For several years now, I have been teaching a course named getting started with enterprise architecture. It is a three-day course meant to assist practitioners in making a start with implementing an architectural practice within their organization. It is great fun to give this course and evaluations indicate that the participants also benefit from it. Which is very fortunate, of course.
One of the lessons I try to teach in my classes is that architecture cannot be the sole responsibility of the architects. Architecture relates to decision making throughout the organization. Of course being an architect entails having particular skills and knowledge. But that does not mean the rest of the organization does not play a role in making architecture effective.

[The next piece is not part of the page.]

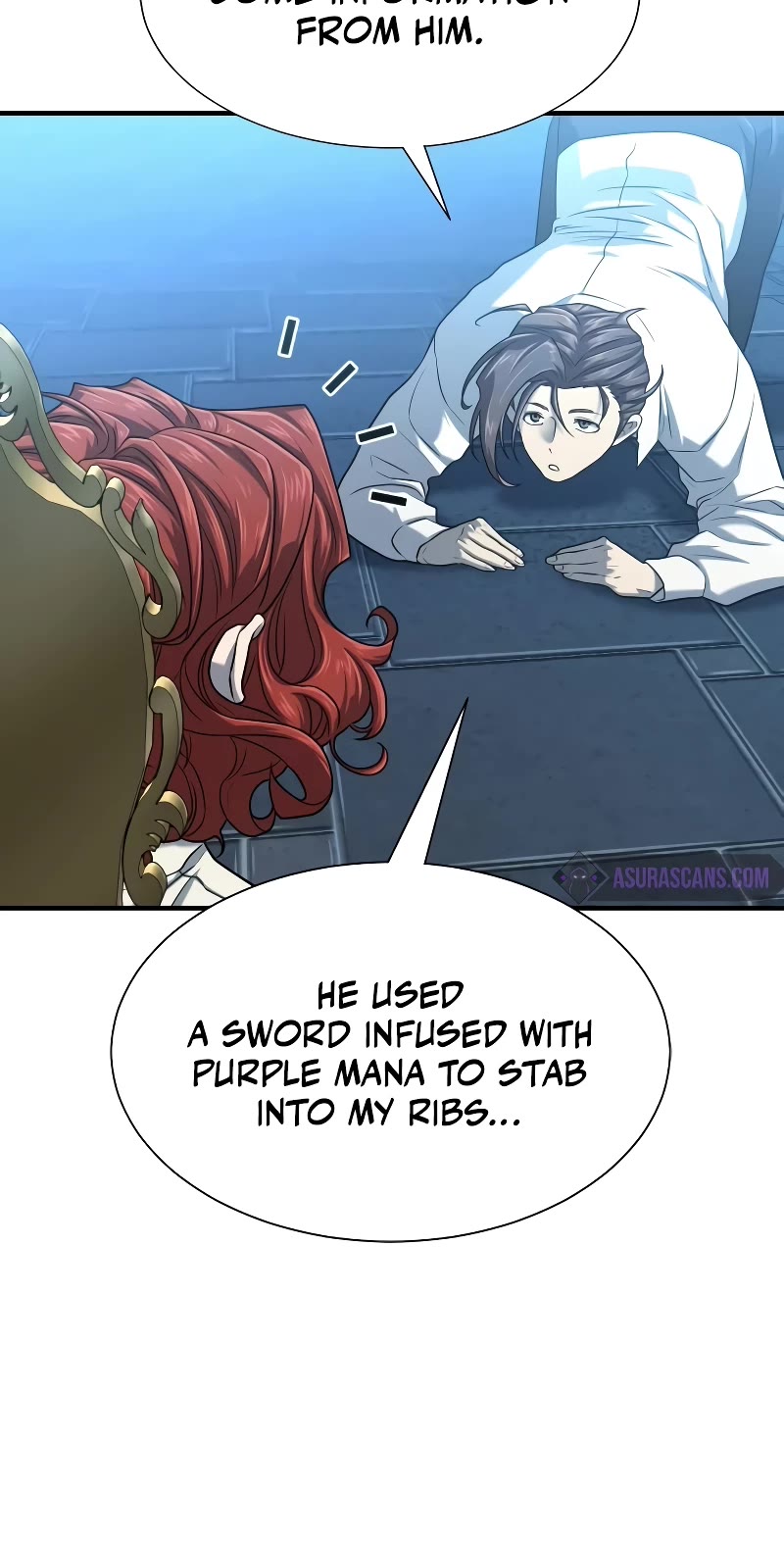 The Greatest Estate Developer Chapter 139 page 55 - Chapter 139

The navigation system in your car does not relieve you from the task of steering the car in the right direction.
Until recently my classes consisted of architects that have a little knowledge of and experience in architecture, and are searching for ways to further implement architectural thinking and acting. Lately, however, I noticed a change in participants. My classes do no longer consist of architects, but increasingly of practitioners holding functions such as information analyst, developer, test manager, project manager or team manager. This change happened gradually. Asked why they attend a course on enterprise architecture, they give two kinds of answers. Either they increasingly encounter architectural prescriptions in their daily work or they are expected to play their part in architecture development.
It stems me hopeful. Is it a sign that maybe we are finally making the shift from enterprise architecture being a function within an organization to enterprise architecture being a competency of the organization? With architects who possess the knowhow to translate strategy to structure and an organization that translates and applies this knowhow to its daily routine because it helps in making better decisions?